The series, which is streaming now, follows the titular Carol, a slightly depressed 40-something, as she lives through the final seven months until a looming planet crashes into the earth, destroying it in the process.
While everyone around her is outside living their best lives she’s attempting to keep calm and carry on while also feeling crushed by pressure to make the most of every moment.
Her sister is off travelling the world having high-octane adventures, her parents have entered into a throuple with her father’s nurse and embraced naturism and everywhere she looks people are skydiving, raving, participating in orgies and living like there’s no tomorrow.
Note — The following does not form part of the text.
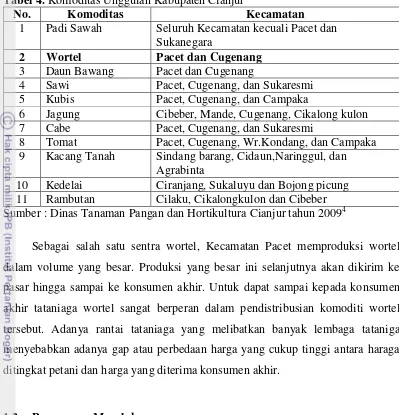 Tabel 4. Komoditas Unggulan Kabupaten Cianjur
Which, soon enough there won’t be.
Paralysed by her newfound - albeit time-restricted - freedom from responsibility, and expectation Carol flounders. As the world’s institutions and corporations crumble around
her she drifts aimlessly. Inventing activities she’s pursuing, like learning to surf or play the bass, to keep people from worrying about her.
Her world changes when she stumbles upon the one functioning office building left in the city. Riding the elevator she eventually finds a floor packed with office staff beavering away silently at their desks. In a world where chaos reigns, it’s business as usual.
Entranced, she enters and quickly finds herself employed as an administrative assistant, given her own desk and several stacks of documents to photocopy. She doesn’t know who she’s working for and, bizarrely, neither does anyone else. Even more strangely, no one else seems perturbed.
In this aspect, it borders on Apple TV+’s brilliantly mind-bending workplace-thriller Severance. Especially in the episode where the psychedelic dreams and mundane reality of three various characters intermingle. Although, unlike Severance, it doesn’t hold tightly to its mysteries.
Instead, Carol & the End of the World is a gentler, more global take, on director Lars von Trier’s Melancholia, the dourly intriguing 2011 film starring Kirsten Dunst that has the same premise of global destruction via planetary collision, and the mundane daily workplace trivialities of Ricky Gervais’ The Office. It also shares that show’s smart sentimentality.
Don’t be put off by the fact that it’s animated. It’s a strange, unique series that moves at its own measured pace and can almost be considered a character study. Even minor characters that only appear briefly are fleshed out and given full arcs that often - but not always - end on a poignant, hopeful note. It has a depth and heart that most live-action shows do not.
The series is an engrossing oddity. Humorous, clever, risque, sophisticated, pleasingly weird and not afraid of getting emotional. Carol’s time may be running out but this is a show that will be talked about for a long time.